Sólymos et al. (2013), Amundson et al. (2014), and many IJ models listed in Web Supplement S-1 assume that the density of first detection times \(f_T(t)\) for (\(0<t<\infty \)) is equivalent to the density of first times to availability \(f_{Tavl}(t_{avl})\). As evidenced by the PP model, this assumption is not a necessary presupposition in removal modeling. Observed first detections are thus assumed to follow the time-to-event density: \(f_{T|\text {det}}(t|\text {det})= f_{Tavl|\text {avl}}(t_{avl}|\text {avl})= f_{Tavl}(t_{avl})\mathbf {I}(t_{avl}< T_s)\, \big / p_a\). The assumed equivalence between first times to detection and availability also recasts the strict interpretation of \(g^A(r)\) above along its more familiar formulation: the probability of detecting an available animal at distance r. Based on this recast definition, we obtain: \(p(\text {det})= p_a \int _0^w f_R(r)g^A(r)\, dr\). This equation for \(p(\text {det})\) implies that some proportion of animals will go undetected, even in a survey of infinite length.

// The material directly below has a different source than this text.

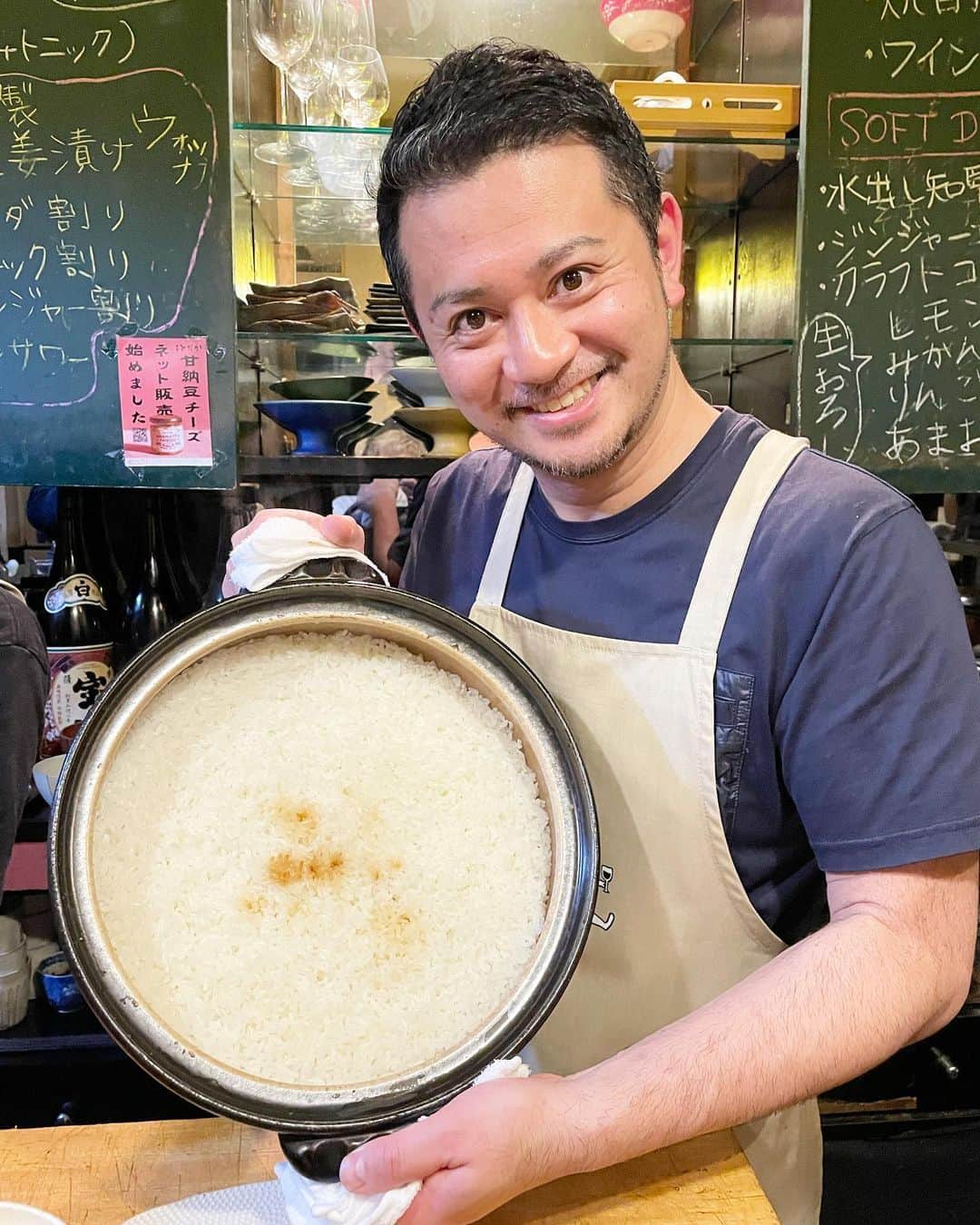乾雅人のインスタグラム：「食堂とだか@五反田 現在2025年８月まで予約が埋まっている食堂。 立ち飲みとだか、虎ノ門ヒルズ…も大盛況。　 ひとえに店主戸高さんの人柄と温かい料理の成せるわざ。 #食堂とだか」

We adopt the \(g^A(r)\) distance term and the equivalence between detection and availability times for IJ models in the remainder of this manuscript.

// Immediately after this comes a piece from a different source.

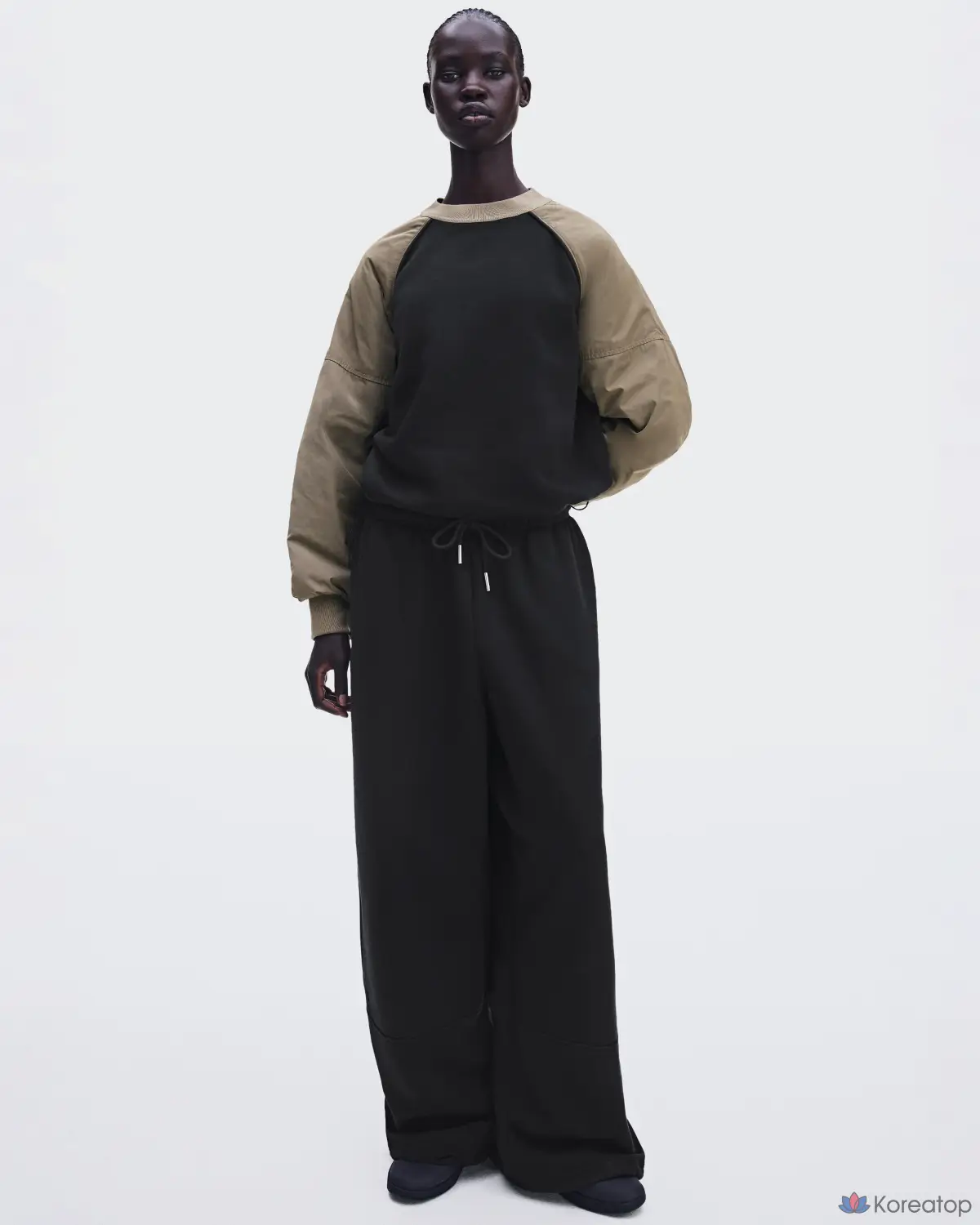 Свитшот ON Oversized Crewneck, фото 6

3.2.3 Comparing IJ and PP Models

PP and IJ models result in different joint observed distributions. Figure 1 illustrates an example of conditional probability density functions (pdfs) for both models. Because of independence in IJ models, the conditional pdf for detection distances (upper left) is the same regardless of the time to first detection and vice versa (lower left). In contrast, the joint observed distribution in PP models dictates that average detection distances increase with time to first detection (Fig. 1, upper right) and vice versa (lower right), because the nearest, most easily detected animals will generally be observed first. IJ model independence implies we can estimate availability and perceptibility separately. PP model interdependence requires that we model availability and perceptibility jointly.

Fig. 1
figure 1

Theoretical conditional densities from IJ models (left) and PP models (right) with 92% availability and 50% IJ or PP perceptibility. Plots show a 10-minute survey scaled so that the maximum distance allowed in the analysis is one. Upper: probability distribution functions (pdfs) for observed distances conditioned on detection at time t. Lower: pdfs for detection time conditioned on distance r

Mathematically, an IJ model is equivalent to a PP model with two major assumptions. First, assume \(g^C(r)= 1\) for all r, i.e. the first cue from an available animal is always detected. Consequently, \(\varphi ^D(r,t) = \varphi (t)\), and the joint density of distances and times to first detection (\(0<t<\infty \)) becomes \(f_{R,T}(r,t)= \left[ \varphi (t)\exp \left\{ -\int _0^t \varphi (u)du\right\} \right] f_R(r)= f_T(t)f_R(r)\). When conditioned on \(0< t < T_s\), this yields an independent joint observed distribution. Second, insert the distance-dependent perceptibility term \(g^A(r)\): \(f_{R,T}(r,t)= f_T(t)g^A(r)f_R(r)\). This is the IJ version of the joint density of distances and times to first detection.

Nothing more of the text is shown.